Andrey Rudenko, the deputy minister of foreign affairs for Russia. (TASS/Yonhap)
Seoul and Moscow clashed over the weekend as a Russian Foreign Ministry spokesperson criticized South Korean President Yoon Suk-yeol’s “biased” remarks denouncing North Korea’s legislation of preemptive use of nuclear weapons, prompting the South Korean Ministry of Foreign Affairs to summon the local Russian ambassador and condemn Russia’s “hateful sophistry.”
The unusual situation gave an illustration of the recent souring of relations between South Korea and Russia as the latter grows closer with North Korea.
The clash began with comments on Thursday by Russian Foreign Ministry spokesperson Maria Zakharova.

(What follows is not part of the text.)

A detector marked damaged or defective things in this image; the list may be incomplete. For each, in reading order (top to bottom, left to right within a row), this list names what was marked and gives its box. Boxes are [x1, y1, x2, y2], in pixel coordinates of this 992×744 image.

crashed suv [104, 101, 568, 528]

Responding to Yoon’s remarks at a central integrated defense council meeting on Wednesday, where he called the North Korean regime an “irrational group” that is the “only country in the world that explicitly specifies preemptive nuclear use in its constitution,” Zakharova called the statement “blatantly biased,” making for an odd situation in which a Russian foreign affairs official took issue directly with the language used by a South Korean president.
In response, South Korea’s own Foreign Ministry commented Saturday that Zakharova’s remarks were “impolite, ignorant, and biased in a way that is beneath the spokesperson of a country’s foreign ministry.”
“In comparison with the standards of states that faithfully uphold the norms of the international community, this was hateful sophistry,” it added, in a message that was unusually strongly worded for a diplomatic statement.
The same afternoon, Deputy Minister for Political Affairs Chung Byun-won summoned Russian Ambassador to South Korea Georgy Zinoviev to the Foreign Ministry complex in Seoul to express his “deep regret” over Russia “unconditionally shielding North Korea while disregarding the facts and criticizing in extremely impolite language the remarks made by a country’s head of state.”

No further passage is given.